Thursday, January 19, 2023

Atlantic Council Caught Promoting Its Own Foreign Donors on World Stage Without Disclosures

The influential think tank Atlantic Council has been called out yet again for promoting its donors without proper conflict of interest disclosures.

Here is more from Politico:

WHOOPS: “The Atlantic Council's chief executive officer, Fred Kempe, this month lavished praise on the ‘resource-rich, renewables-generating’ United Arab Emirates in a Jan. 14 op-ed for CNBC praising the oil-rich Gulf nation's ‘utopian’ plan to fight climate change,” The Washington Free Beacon’s Chuck Ross writes. “What he failed to mention were the Middle Eastern monarchy's sizable donations—which have in some years topped $1 million—to the Atlantic Council.”

— “In the piece, Kempe celebrated the United Nations' decision to hold its annual climate change summit in Abu Dhabi and praised the UAE’s selection of Sultan Ahmed Al-Jaber, an Emirati government minister and the head of the state-owned Abu Dhabi National Oil Company, to oversee the global summit.”

— “After the Washington Free Beacon contacted the Atlantic Council for comment, CNBC attached a lengthy editor's note to the article noting that ‘the obvious conflict of interest’ was ‘not disclosed’ and that the Abu Dhabi National Oil Company is a major sponsor of the Atlantic Council's annual energy conference.”

— “The UAE embassy in 2021 gave more than $1 million to the Atlantic Council, while the UAE's Ministry of Foreign Affairs and International Cooperation gave between $100,000 and $250,000, according to donor records.” A spokesperson for the think tank called the omission an oversight, telling the Free Beacon it “regret[s] that proper disclosures were not made.”

 

Mr.
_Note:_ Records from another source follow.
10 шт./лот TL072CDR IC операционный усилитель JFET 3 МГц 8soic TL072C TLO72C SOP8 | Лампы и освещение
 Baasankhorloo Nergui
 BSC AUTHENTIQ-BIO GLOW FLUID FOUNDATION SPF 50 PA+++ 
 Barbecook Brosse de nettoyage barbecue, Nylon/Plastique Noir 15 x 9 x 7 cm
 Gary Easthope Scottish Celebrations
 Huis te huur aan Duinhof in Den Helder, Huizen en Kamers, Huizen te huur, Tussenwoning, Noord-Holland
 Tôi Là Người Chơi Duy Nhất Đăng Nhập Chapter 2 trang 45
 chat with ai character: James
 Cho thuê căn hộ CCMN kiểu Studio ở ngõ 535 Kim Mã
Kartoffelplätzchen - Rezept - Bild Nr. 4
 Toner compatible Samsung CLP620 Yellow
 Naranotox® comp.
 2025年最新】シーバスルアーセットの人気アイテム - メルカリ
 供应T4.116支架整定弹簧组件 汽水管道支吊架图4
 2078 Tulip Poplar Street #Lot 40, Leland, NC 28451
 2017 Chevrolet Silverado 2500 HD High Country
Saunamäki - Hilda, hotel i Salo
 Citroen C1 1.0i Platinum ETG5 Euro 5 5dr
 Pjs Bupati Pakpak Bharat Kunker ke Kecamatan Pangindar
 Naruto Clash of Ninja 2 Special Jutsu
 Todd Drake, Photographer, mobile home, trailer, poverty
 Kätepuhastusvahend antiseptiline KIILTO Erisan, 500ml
Kempe is also scheduled to be on a World Economic Forum (WEF) panel about "how great" Saudi Arabia is, and Quincy Institute scholar Ben Freeman says that it should be disclosed at the panel that Kempe's think tank gets $1+ million every year from the UAE (a Saudi ally) and six-figure checks every year from defense contractors that have made billions of dollars selling arms to Saudi Arabia.

In 2021, Jonathan Guyer wrote a piece about a Saudi expert at Atlantic Council (Kirsten Fontenrose) who "hid" the foreign funding of the think tank when testifying before Congress.  He noted that Atlantic Council has received millions of dollars from Saudi Arabia's biggest boosters.